■ TASK ITEM:
Provide an exact copy of the data, excluding the images.

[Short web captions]

______

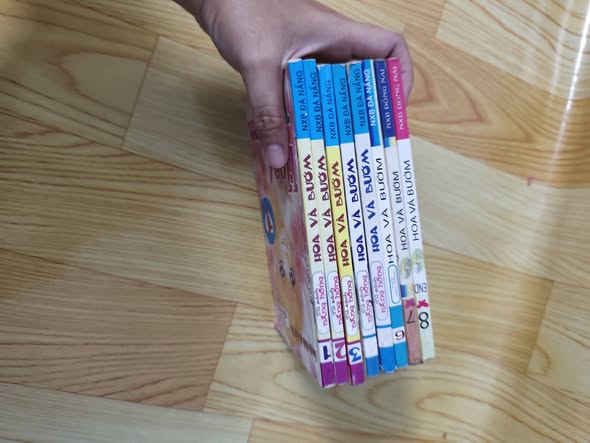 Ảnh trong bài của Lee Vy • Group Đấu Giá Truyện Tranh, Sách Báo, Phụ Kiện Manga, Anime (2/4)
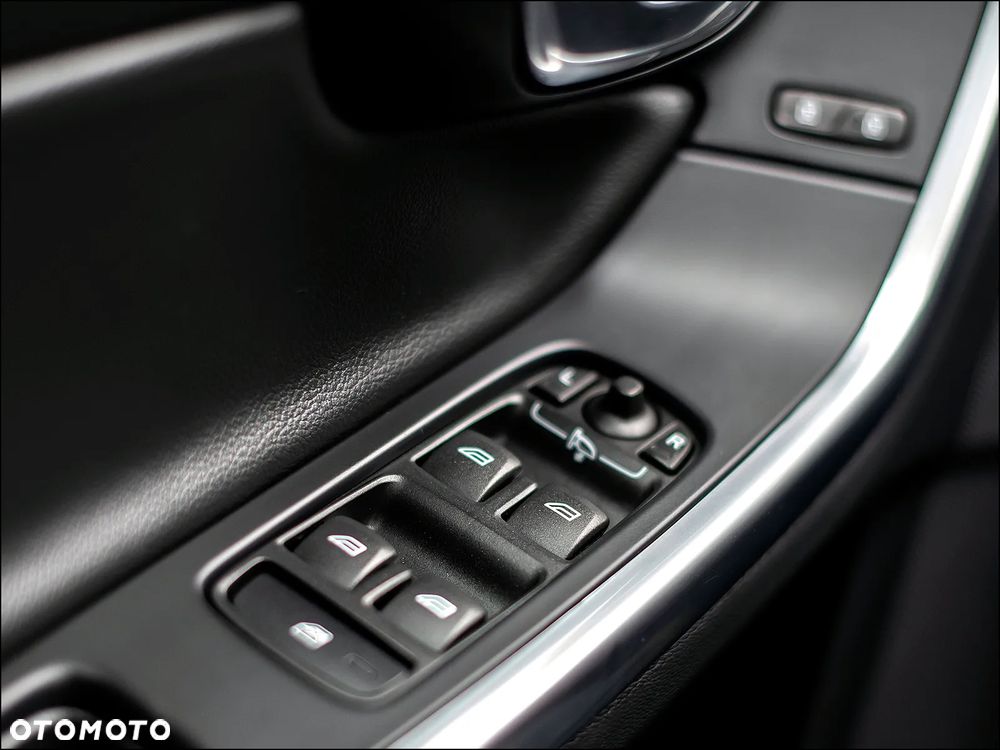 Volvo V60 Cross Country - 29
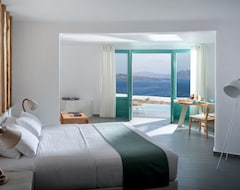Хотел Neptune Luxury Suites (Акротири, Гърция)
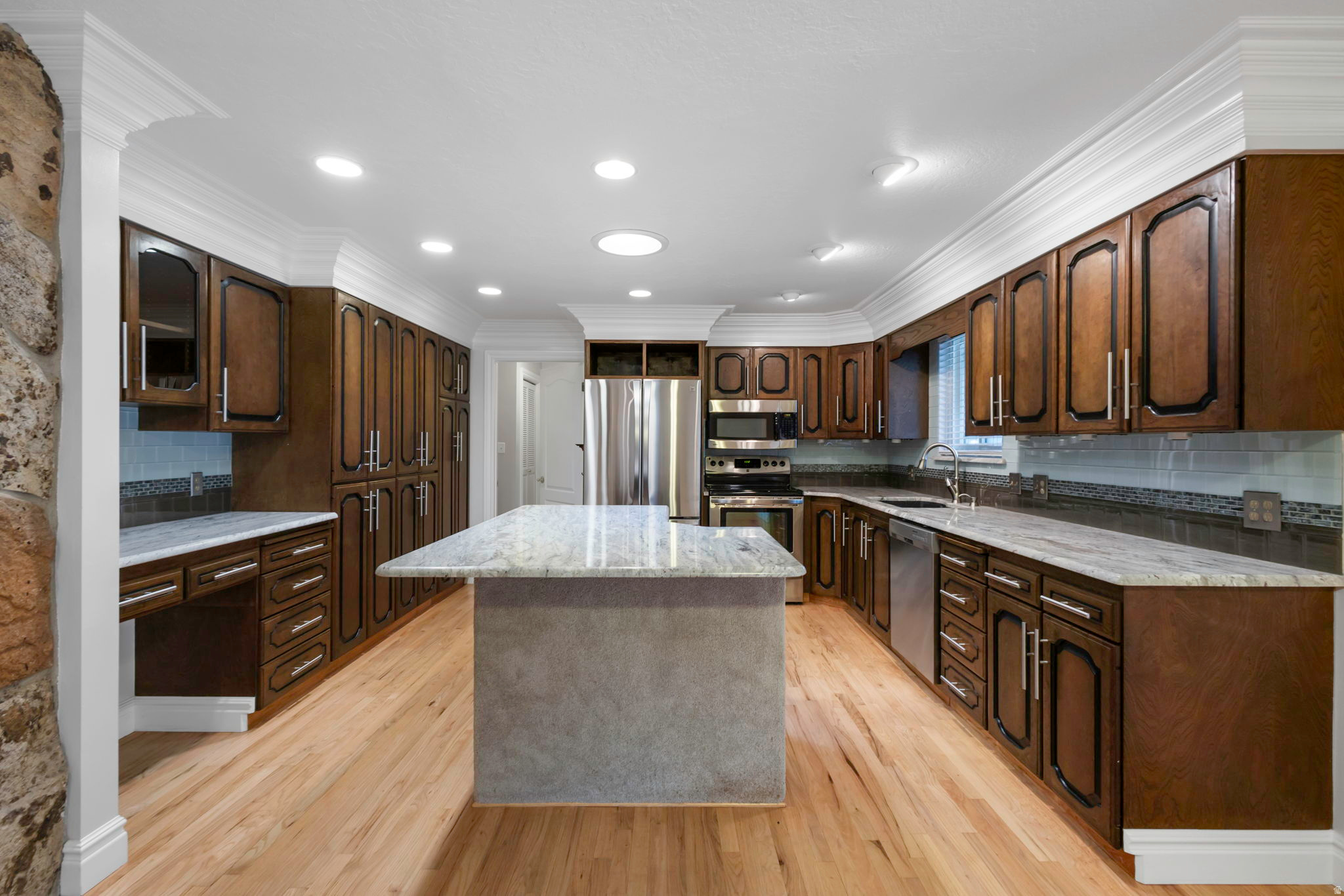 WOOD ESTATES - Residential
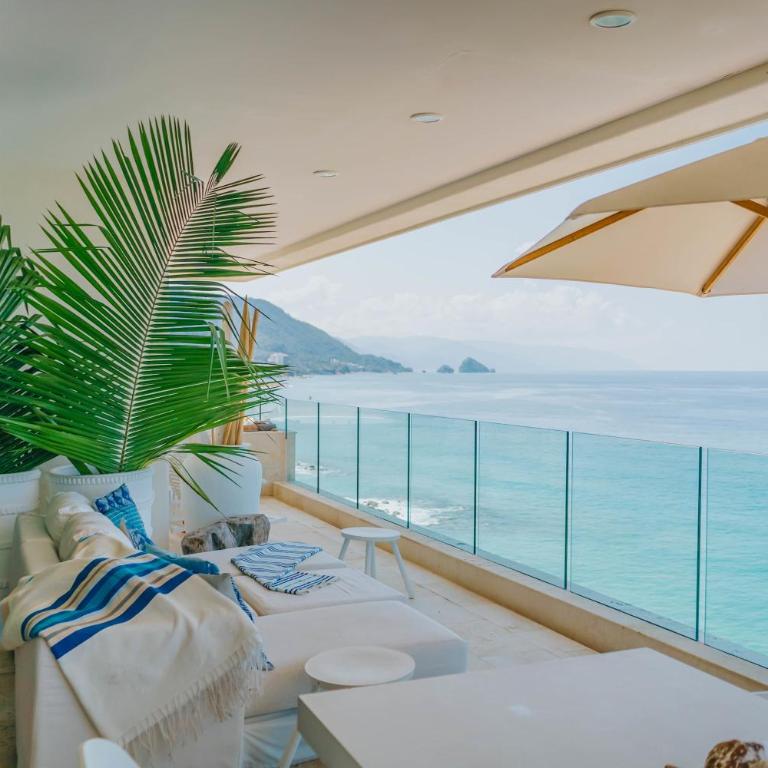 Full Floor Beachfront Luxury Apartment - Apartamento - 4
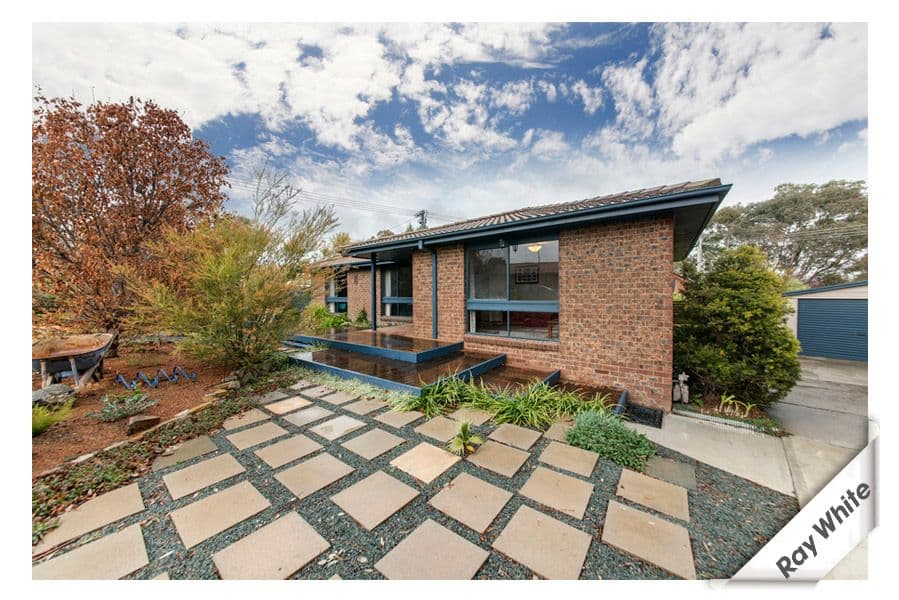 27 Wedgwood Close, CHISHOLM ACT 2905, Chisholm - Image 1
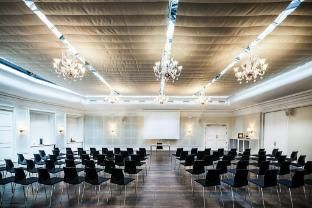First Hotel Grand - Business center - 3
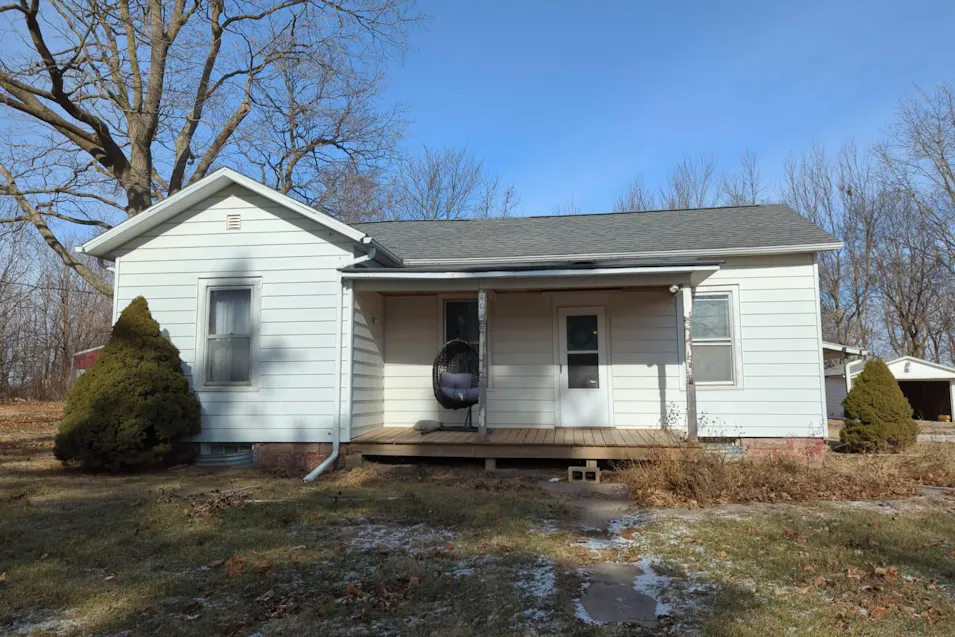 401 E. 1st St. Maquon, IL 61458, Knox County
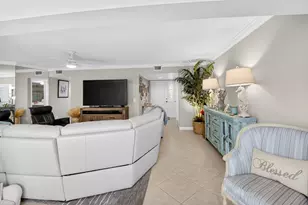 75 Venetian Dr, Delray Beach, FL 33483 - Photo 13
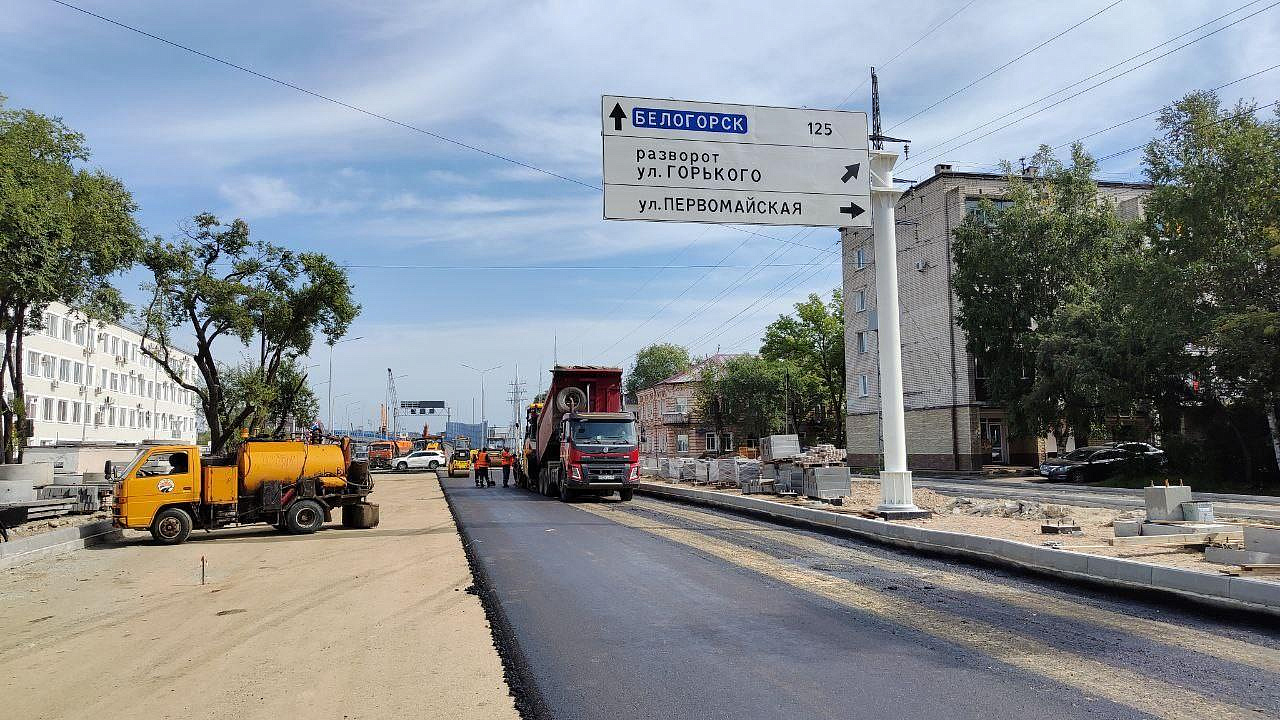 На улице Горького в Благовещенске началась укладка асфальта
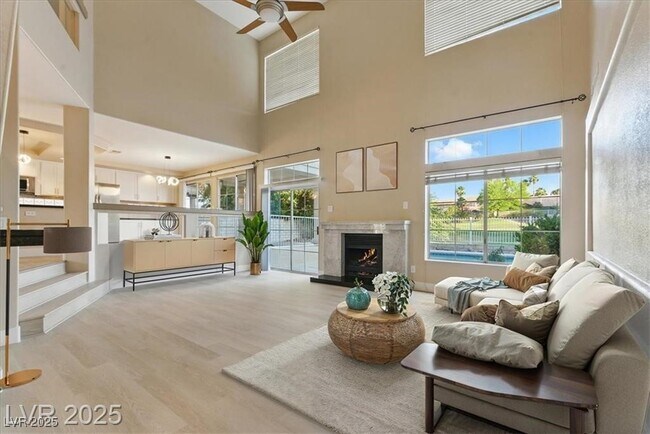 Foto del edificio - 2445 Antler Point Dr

______

■ REPLY:
 Ảnh trong bài của Lee Vy • Group Đấu Giá Truyện Tranh, Sách Báo, Phụ Kiện Manga, Anime (2/4)
 Volvo V60 Cross Country - 29
Хотел Neptune Luxury Suites (Акротири, Гърция)
 WOOD ESTATES - Residential
 Full Floor Beachfront Luxury Apartment - Apartamento - 4
 27 Wedgwood Close, CHISHOLM ACT 2905, Chisholm - Image 1
First Hotel Grand - Business center - 3
 401 E. 1st St. Maquon, IL 61458, Knox County
 75 Venetian Dr, Delray Beach, FL 33483 - Photo 13
 На улице Горького в Благовещенске началась укладка асфальта
 Foto del edificio - 2445 Antler Point Dr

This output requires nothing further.